__INSTRUCTIONS TO FOLLOW__:
From the line with "Chinese Prime Minister" through the line with "تعمیر صندلی ماشین", inclusive, return each line of the data below exactly and leave the rest out.

※ ※ ※

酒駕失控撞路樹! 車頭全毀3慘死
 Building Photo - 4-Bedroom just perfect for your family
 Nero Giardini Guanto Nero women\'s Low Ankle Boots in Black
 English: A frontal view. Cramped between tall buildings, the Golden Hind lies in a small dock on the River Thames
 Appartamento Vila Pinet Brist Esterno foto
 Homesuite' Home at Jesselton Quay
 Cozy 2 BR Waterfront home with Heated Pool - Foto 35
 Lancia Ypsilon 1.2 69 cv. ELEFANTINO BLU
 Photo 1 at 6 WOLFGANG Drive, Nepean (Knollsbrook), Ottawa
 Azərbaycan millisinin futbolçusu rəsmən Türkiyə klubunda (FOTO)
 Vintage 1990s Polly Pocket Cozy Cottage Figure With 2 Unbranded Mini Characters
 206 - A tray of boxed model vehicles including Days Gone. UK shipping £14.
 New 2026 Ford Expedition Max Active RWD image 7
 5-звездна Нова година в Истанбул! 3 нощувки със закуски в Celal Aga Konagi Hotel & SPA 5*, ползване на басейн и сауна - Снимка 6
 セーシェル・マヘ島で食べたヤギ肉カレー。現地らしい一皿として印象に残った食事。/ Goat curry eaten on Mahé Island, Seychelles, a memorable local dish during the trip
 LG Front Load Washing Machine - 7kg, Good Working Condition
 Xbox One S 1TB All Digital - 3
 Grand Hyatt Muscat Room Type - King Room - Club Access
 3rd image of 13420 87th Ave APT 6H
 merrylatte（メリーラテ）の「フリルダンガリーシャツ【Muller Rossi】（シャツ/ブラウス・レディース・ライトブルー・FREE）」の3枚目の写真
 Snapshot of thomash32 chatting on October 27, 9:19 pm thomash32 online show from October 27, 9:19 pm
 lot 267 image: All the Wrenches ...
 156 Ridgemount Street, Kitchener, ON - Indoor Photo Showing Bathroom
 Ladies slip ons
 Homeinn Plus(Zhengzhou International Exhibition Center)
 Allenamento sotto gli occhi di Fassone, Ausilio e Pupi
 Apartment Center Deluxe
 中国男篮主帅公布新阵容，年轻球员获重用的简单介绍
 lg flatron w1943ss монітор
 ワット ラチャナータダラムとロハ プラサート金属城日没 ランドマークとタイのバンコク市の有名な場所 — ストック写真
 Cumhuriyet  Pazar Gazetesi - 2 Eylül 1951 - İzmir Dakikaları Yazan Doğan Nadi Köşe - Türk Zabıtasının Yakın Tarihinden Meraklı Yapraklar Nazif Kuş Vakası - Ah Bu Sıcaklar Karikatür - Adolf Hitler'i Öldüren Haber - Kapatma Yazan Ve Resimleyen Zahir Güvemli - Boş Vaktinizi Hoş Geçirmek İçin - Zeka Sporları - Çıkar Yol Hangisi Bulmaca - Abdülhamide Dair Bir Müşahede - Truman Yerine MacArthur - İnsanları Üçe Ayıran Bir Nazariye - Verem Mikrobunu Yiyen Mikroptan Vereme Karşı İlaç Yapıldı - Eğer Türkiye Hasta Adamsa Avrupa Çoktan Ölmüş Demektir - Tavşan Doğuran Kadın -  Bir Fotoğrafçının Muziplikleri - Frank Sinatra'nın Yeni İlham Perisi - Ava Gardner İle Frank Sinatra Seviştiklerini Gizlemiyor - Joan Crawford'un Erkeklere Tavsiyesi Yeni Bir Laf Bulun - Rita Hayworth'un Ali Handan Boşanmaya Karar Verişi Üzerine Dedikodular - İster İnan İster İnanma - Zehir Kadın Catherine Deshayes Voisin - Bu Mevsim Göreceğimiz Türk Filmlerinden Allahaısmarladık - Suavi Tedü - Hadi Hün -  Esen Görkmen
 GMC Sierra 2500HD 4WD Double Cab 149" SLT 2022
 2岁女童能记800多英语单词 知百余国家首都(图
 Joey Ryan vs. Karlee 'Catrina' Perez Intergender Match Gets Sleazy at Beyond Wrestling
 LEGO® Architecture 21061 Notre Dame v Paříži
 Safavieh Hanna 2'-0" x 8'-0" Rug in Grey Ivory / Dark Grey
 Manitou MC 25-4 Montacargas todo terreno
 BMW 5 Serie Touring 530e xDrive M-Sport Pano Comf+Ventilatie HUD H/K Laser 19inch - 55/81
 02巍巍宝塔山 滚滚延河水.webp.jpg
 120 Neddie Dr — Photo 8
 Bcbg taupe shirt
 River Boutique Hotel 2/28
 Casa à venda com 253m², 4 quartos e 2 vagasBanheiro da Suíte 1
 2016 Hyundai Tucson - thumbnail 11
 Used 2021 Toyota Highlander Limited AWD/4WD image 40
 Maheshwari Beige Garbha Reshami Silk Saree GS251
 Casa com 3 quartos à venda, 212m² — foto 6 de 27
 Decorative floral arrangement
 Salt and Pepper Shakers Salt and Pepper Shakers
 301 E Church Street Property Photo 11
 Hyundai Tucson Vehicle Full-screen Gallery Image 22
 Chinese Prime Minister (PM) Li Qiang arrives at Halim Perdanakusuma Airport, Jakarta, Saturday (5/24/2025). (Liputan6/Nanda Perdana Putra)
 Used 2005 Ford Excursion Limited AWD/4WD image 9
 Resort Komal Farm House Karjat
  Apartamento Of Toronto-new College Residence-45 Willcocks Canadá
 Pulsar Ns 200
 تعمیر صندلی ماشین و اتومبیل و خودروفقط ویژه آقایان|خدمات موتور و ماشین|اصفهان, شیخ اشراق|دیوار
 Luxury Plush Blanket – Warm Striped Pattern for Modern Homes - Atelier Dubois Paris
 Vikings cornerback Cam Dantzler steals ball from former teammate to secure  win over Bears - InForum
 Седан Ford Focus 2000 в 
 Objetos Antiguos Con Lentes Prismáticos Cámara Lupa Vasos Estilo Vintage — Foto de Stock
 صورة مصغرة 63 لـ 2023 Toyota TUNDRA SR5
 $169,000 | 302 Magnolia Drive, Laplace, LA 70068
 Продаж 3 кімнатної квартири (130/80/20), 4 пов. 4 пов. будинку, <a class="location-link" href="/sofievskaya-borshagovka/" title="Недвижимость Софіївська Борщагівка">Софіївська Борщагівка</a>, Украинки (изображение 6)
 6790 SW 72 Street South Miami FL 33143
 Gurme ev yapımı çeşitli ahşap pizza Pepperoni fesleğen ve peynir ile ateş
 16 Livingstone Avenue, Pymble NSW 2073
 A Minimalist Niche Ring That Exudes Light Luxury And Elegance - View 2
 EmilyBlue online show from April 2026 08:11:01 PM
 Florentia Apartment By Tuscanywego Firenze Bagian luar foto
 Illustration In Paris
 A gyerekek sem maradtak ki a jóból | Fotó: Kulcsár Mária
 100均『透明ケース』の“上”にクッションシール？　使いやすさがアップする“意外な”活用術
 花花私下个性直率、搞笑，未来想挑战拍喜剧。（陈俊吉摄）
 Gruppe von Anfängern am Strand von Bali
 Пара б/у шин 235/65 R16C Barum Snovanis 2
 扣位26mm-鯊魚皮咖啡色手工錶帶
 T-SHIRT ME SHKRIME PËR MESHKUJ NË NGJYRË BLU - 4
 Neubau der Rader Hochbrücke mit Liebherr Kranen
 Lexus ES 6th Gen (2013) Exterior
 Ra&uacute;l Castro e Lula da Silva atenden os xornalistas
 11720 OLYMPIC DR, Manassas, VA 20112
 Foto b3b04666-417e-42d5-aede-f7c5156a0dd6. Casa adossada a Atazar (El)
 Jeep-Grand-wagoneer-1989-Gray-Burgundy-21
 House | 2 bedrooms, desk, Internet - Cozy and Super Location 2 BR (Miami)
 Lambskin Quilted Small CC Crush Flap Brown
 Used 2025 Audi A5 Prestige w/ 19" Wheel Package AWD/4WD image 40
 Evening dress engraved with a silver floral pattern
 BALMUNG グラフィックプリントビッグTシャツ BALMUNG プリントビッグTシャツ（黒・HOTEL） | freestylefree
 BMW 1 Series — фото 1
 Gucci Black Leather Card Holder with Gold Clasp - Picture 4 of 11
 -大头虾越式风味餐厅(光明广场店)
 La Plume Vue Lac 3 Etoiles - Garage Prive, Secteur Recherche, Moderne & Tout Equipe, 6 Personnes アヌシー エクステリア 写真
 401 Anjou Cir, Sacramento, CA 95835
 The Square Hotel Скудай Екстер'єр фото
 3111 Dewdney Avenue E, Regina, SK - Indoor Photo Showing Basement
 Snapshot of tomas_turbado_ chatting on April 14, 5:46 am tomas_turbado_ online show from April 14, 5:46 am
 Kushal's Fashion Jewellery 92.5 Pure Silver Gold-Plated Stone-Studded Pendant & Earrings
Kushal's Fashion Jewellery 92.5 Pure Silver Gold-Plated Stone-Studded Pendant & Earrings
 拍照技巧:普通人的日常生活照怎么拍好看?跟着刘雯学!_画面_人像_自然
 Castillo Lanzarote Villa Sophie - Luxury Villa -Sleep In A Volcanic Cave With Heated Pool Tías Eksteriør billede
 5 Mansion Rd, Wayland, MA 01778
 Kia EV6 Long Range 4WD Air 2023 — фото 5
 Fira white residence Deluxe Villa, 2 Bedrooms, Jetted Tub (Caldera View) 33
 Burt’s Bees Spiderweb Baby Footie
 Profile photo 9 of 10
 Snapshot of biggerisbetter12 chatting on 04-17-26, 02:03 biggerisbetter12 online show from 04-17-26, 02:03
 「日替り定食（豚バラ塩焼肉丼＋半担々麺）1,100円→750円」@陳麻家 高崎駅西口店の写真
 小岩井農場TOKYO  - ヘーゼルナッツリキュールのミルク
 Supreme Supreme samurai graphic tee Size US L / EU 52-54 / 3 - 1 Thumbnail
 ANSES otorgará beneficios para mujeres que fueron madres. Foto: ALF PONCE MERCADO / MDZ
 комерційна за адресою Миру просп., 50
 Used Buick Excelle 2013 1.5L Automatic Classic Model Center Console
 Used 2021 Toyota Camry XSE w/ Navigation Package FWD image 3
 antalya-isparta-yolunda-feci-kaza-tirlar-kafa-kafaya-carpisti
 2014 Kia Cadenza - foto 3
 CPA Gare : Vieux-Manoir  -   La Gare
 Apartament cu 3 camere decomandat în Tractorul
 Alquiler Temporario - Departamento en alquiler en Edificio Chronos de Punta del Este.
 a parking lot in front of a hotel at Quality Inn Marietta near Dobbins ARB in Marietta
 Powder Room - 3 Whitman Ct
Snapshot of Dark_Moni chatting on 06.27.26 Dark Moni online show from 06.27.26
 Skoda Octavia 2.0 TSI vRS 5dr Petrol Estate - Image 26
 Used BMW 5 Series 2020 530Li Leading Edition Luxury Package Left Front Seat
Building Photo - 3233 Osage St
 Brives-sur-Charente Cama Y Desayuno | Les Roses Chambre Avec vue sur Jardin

※ ※ ※

__EXERCISE ANSWER__:
 Chinese Prime Minister (PM) Li Qiang arrives at Halim Perdanakusuma Airport, Jakarta, Saturday (5/24/2025). (Liputan6/Nanda Perdana Putra)
 Used 2005 Ford Excursion Limited AWD/4WD image 9
 Resort Komal Farm House Karjat
  Apartamento Of Toronto-new College Residence-45 Willcocks Canadá
 Pulsar Ns 200
 تعمیر صندلی ماشین و اتومبیل و خودروفقط ویژه آقایان|خدمات موتور و ماشین|اصفهان, شیخ اشراق|دیوار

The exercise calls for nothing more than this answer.